Return all of the lines below exactly as they are.

[[ Data extract open ]]

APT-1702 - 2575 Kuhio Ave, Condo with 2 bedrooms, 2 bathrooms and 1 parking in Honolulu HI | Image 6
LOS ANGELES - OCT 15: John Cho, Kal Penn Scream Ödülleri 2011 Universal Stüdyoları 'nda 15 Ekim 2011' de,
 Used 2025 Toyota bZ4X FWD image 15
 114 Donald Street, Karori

[[ Data extract closed ]]

Answer to this problem –
APT-1702 - 2575 Kuhio Ave, Condo with 2 bedrooms, 2 bathrooms and 1 parking in Honolulu HI | Image 6
LOS ANGELES - OCT 15: John Cho, Kal Penn Scream Ödülleri 2011 Universal Stüdyoları 'nda 15 Ekim 2011' de,
 Used 2025 Toyota bZ4X FWD image 15
 114 Donald Street, Karori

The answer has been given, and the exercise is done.